Questa situazione non alquanto positiva per chi ha già delle anomalie cardiache , in quanto si verifica un aumento della pressione sanguigna con le conseguenze che sappiamo per il nostro organismo.

Le modificazione fisiologiche che possiamo annoverare per quanto concerne la pratica dell'attività fisica di endurance sono le seguenti:
  • Aumento del consumo di ossigeno (Vo2max)
  • Aumento delle cavità cardiache (ipertofria cardiaca)
  • Aumento della Vasodilazione
  • Aumento gittata sistolica (contrazione)
  • Aumento della portata cardiaca
  • Miglioramento pressione arteriosa
  • Abbassamento frequenza cardiaca a riposo e durante sforzo


Nonostante la corsa e l'attività di endurance in genere apporta notevoli miglioramenti al nostro organismo, e quindi migliorando il nostro stato di salute, è necessario effettuare sempre i dovuti controlli medici per non sottovalutare alcune anomalie dal punto di vista cardiaco:
· Extrasistolie: è la forma più semplice di aritmia dovuta ad una contrazione prematura del cuore che altera la successione regolare dei battiti cardiaci. Quando l'impulso cardiaco non trae origine dal centro primario (nodo del seno) ma da centri secondari sostitutivi, si dà luogo a quei battiti anomali noti come extrasistoli. Quando il centro secondario è localizzato negli atri si tratterà di una extrasistole atriale, se localizzato nei ventricoli si parlerà di extrasistole ventricolare. I sintomi sono : palpitazione, ossia come quella sgradevole autopercezione del battito cardiaco, avvertito spesso come una strana e violenta sensazione in corrispondenza della regione toracica anteriore di "nodo alla gola"; Le cause dell'extrasistole sono molteplici e possono riconoscere genesi benigna, ad esempio l'aumentato tono simpatico dovuto a stress, sovrallenamento, ansia; oppure correlarsi a patologie cardiache come il prolasso della valvola mitralica, l'insufficienza aortica, le tachiaritmie , oppure non cardiache come carendo si sodio o elettroliti in genere.
· Aritmie: sono le alterazioni della normale sequenza dei battiti cardiaci Quando si osserva un aumento anomalo dei battiti si parla di tachicardie. Se al contrario si ha una diminuzione anomala del numero dei battiti si parla di bradicardie. E' da tener presente che ci può essere una Bradicardia dovuta all'allenamento. Oltre all'Extrasistole già menzionata sono da annoverare come aritmie le Tachicardie sopraventricolari, Tachicardie ventricolari.
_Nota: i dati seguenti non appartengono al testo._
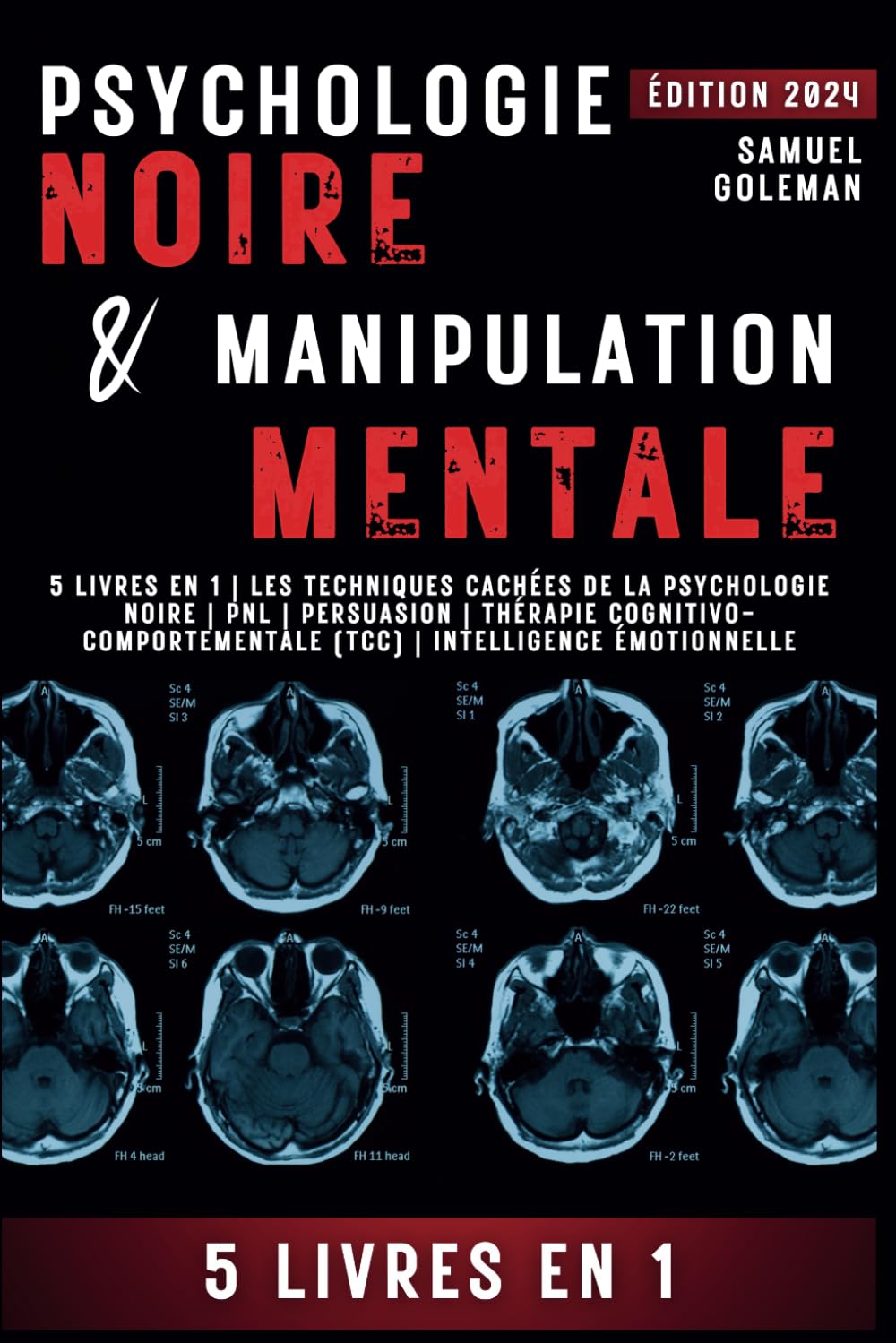 PSYCHOLOGIE NOIRE ET MANIPULATION MENTALE: 5 livres en 1 | Les techniques cachées de la psychologie noire | Pnl | Persuasion | Thérapie cognitivo-comportementale (TCC) | Intelligence émotionnelle Politics & History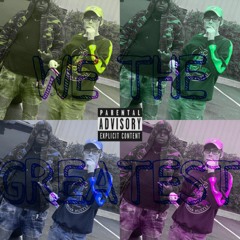 WE THE GREATEST (Prod.GodzaRt) Ft. Scoop Benji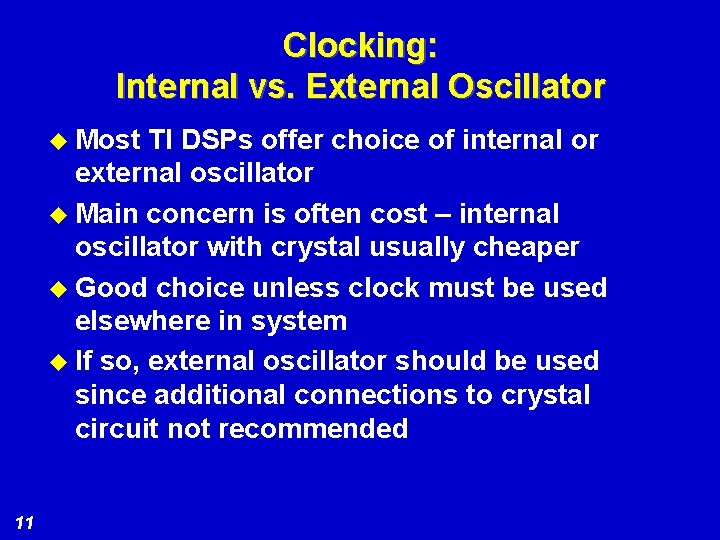 Clocking: Internal vs. External Oscillator u Most TI DSPs offer choice of internal or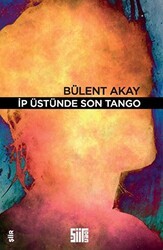 İp Üstünde Son Tango - Şiirden Yayıncılık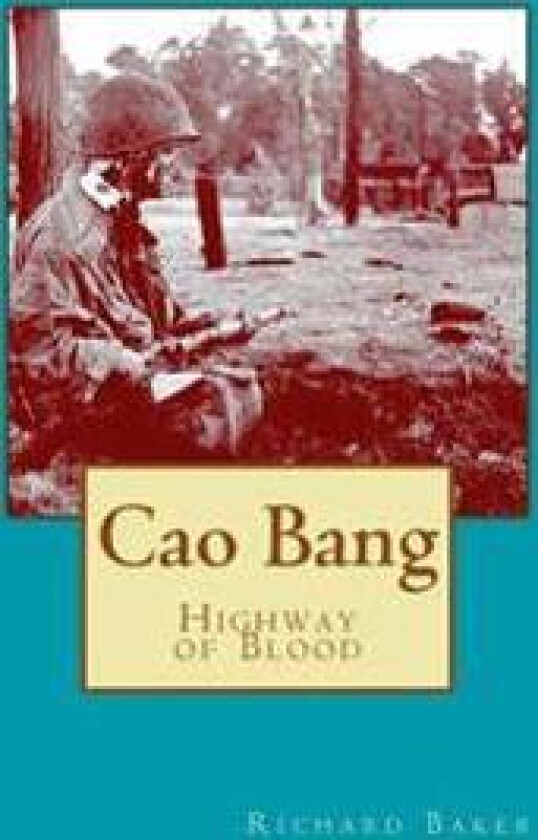 Cao Bang: Highway of Blood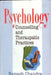 Psychology, Counselling and Therapeutic Practices by Ramesh Chandra
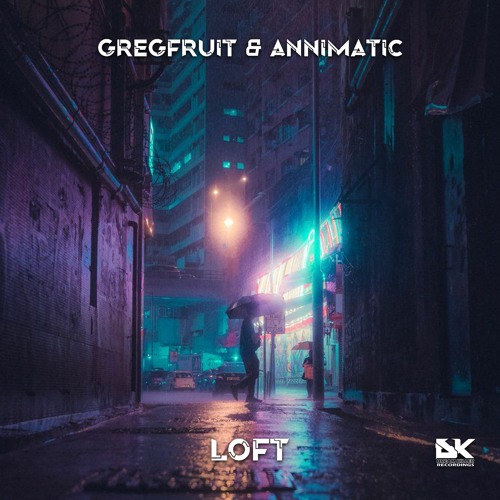 Gregfruit & Annimatic - LOFT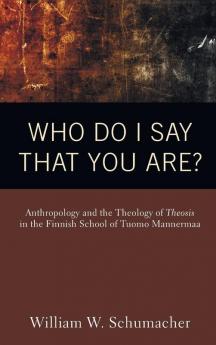 Who Do I Say That You Are?: Anthropology and the Theology of Theosis in the Finnish School of Tuomo Mannermaa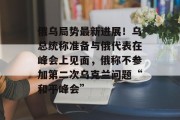 俄乌局势最新进展！乌总统称准备与俄代表在峰会上见面，俄称不参加第二次乌克兰问题“和平峰会”
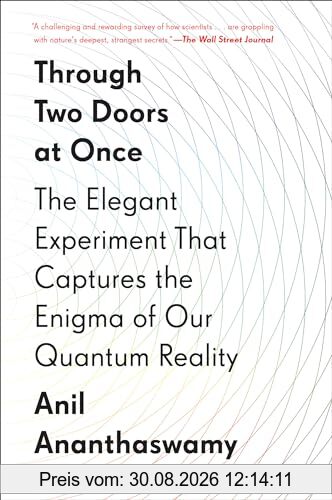 Through Two Doors at Once: The Elegant Experiment That Captures the Enigma of Our Quantum Reality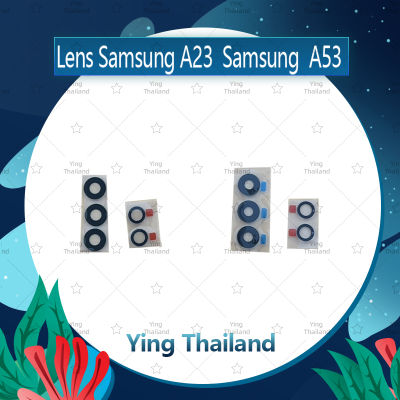 เลนกล้อง Samsung A23 4G / 5G อะไหล่เลนกล้อง กระจกเลนส์กล้อง กระจกกล้องหลัง Camera Lens (ได้1ชิ้นค่ะ) อะไหล่มือถือ คุณภาพดี Ying Thailand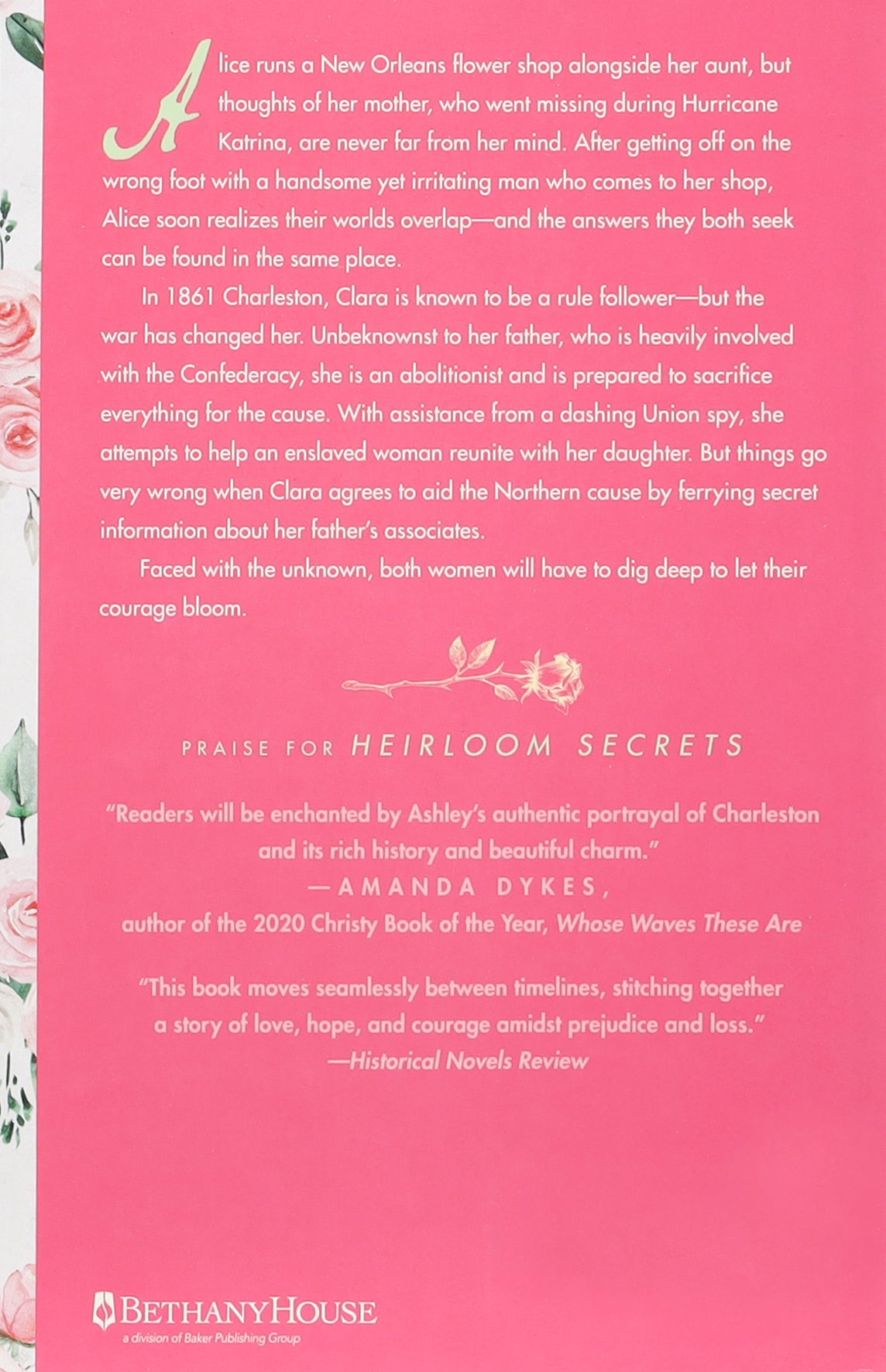 Where the Last Rose Blooms (#03 in Heirloom Secrets Series)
Tutti cambiamenti cardiaci è possibile monitorarli con ECG (elettrocardiogramma) oppure ancora meglio con ECG da sforzo al cicloergometro, e in casi più complessi per avere un monitoraggio più completo si può utilizzare per 24ore l'Ecodopler , la registrazione della fc per 24ore e verificare andamento del cuore nella giornata.

Quindi il consiglio è di programmare periodicamente degli esami cardiologici per controllare costantemente la vostra condizione di salute, almeno una volta l'anno per coloro che non hanno particolari problemi , mentre per chi in passato è stata diagnosticata qualche anomalia, aritmie, in stretto colloquio con il cardiologo di fiducia si possono programmare monitoraggi e controlli più frequenti soprattutto nel momento in cui gli allenamenti e lo stress psicofisico aumentano a dismisura. La salute deve essere al centro della nostra attenzione ogni giorno, non solo corsa, ma anche monitoraggio ed esami programmati ad oc.